Draco leaned against the door nonchalantly, anger crisp on his face. He was slightly disheveled around the collar and the piercing gaze he gave Pansy hid his inebriation well. Her eyes scattered away when she looked at him; there was no evading the fury gripping his jaw and tightening the muscles in his spine.
The pale scar snaking up his throat was visible, a rare sight. Draco was usually so careful to conceal it. Only Pansy, Potter and Snape knew where the wound started and how it slipped down his body, gruesome in it's length, and ended far too far from where it began. It's source was beneath his jugular, nicking the column of his throat then crossing his collarbone and ending, cruelly, above the lower ribs on the opposite side. Sectum Sempra. As if Potter had tried to cross him out of existence.
Before the sun had set that previous night, Pansy had kissed that scar and thought of war wounds and burns and lost limbs… and how lucky she and Draco had been.

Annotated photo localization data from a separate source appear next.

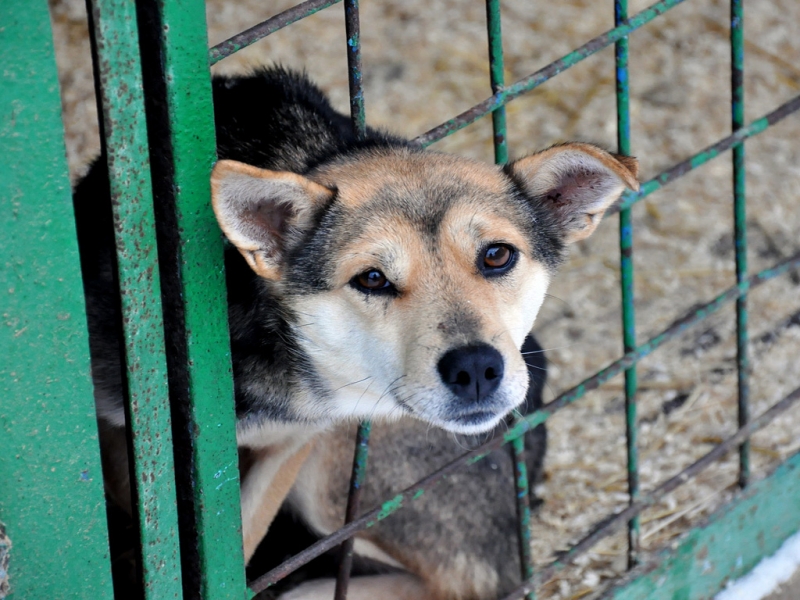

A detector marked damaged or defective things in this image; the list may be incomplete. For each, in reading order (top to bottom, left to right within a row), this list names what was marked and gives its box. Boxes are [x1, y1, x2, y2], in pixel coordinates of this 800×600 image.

rusty metal bar [208, 0, 342, 65]
rusty metal bar [416, 0, 684, 146]
rusty metal bar [248, 248, 800, 592]
rusty metal bar [500, 384, 800, 600] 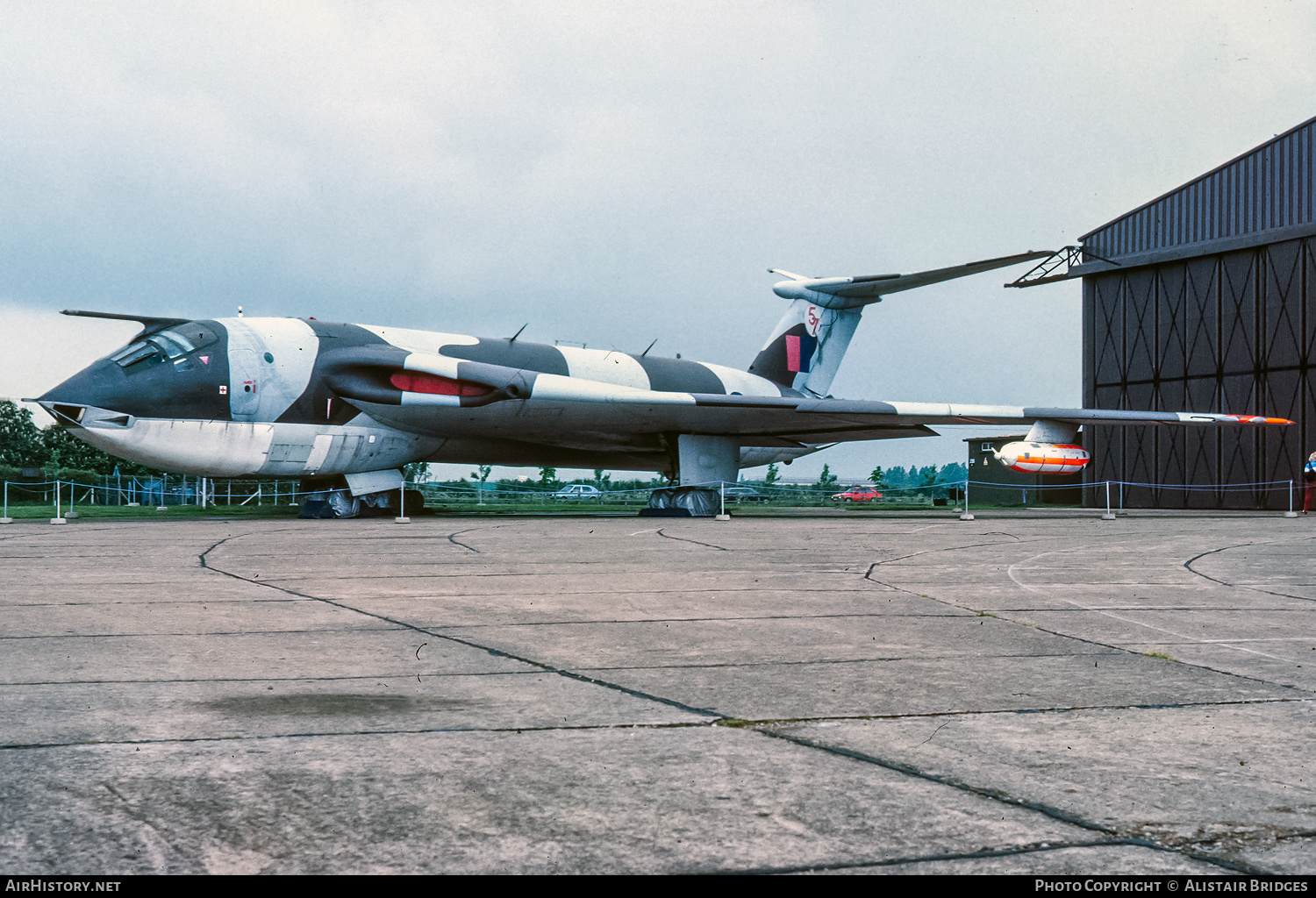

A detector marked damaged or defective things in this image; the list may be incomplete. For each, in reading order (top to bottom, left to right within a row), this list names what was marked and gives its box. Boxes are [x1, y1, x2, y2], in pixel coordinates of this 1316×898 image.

cracked concrete slab [0, 515, 1311, 873]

"I was about to say this is unusual," muttered Draco coolly, "sneaking out like a thief in the night. But it's not is it? It's a typical Parkinson tantrum. I thought we'd got beyond such screaming infantilism."
Pansy considered what she could say. 'It's not like that' sprung to her throat and choked there. Indignant shouts, tears, fierce debate…. That's the typical Parkinson response. She could feel the words and screams forming in her stomach. They were all correct. They were all her. But they were not the words she chose to use now. Draco looked like he had been betrayed and she had not even left yet. A strange paradoxical relief claimed her as her eyes remained dry and mind remained clear. She felt sick but sure.

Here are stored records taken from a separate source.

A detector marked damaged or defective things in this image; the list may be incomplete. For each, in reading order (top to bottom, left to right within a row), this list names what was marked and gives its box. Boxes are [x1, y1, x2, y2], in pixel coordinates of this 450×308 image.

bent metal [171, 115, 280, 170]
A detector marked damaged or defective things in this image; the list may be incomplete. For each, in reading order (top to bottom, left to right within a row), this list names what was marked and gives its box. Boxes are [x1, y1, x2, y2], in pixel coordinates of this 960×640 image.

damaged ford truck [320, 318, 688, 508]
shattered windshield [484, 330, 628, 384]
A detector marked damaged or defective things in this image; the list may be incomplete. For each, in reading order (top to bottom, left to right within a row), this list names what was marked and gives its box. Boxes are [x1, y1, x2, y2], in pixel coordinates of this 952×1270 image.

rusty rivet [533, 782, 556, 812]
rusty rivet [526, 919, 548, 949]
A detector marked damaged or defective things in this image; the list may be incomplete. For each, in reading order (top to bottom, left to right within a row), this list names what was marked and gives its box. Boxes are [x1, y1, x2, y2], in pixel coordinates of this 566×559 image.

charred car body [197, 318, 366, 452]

"I was going to write you a letter – rude, I realize, insufficient – however, it was the only way I could think to express myself plainly. I need to explain… I'm just scared I won't do either of us a service-"

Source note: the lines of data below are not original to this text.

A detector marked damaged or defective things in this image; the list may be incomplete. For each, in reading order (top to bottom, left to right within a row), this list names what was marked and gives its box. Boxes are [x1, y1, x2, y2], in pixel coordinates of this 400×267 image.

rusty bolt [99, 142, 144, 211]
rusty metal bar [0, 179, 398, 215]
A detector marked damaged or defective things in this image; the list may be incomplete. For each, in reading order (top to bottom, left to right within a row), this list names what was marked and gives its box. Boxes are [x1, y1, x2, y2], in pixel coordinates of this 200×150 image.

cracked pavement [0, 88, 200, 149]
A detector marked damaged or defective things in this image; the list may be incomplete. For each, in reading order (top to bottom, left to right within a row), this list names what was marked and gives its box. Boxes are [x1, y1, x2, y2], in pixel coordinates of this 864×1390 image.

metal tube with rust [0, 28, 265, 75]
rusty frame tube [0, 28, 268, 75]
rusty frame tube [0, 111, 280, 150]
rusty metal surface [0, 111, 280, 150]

"Oh, I can't wait to hear this," he hissed. "Storming out during your own party – and why? Sulking that I invited my friend? Jealous that I spoke to someone other than you – who you told me to speak to? Or is it some other imagined slight? I know you, Parkinson. You'll pout for a day and be fine. Let's not have the dramatics. "
Pansy glared at him impassively.
"You do know me, just as I know you, Malfoy." If he wanted to reduce them to patronizing schoolboy last names, fine. For once though, Pansy's voice stayed calm… almost kind. "Any other time you wouldn't have let me eject Goyle from the house – your house. Any other time you would not even admit to looking at another girl even if the evidence, and more, was plain to both of us. Any other time you would have let me scream and run while you said nothing and did nothing. You know something is different, that something with us is fundamentally wrong for you to even be here, being angry, and trying to stop me."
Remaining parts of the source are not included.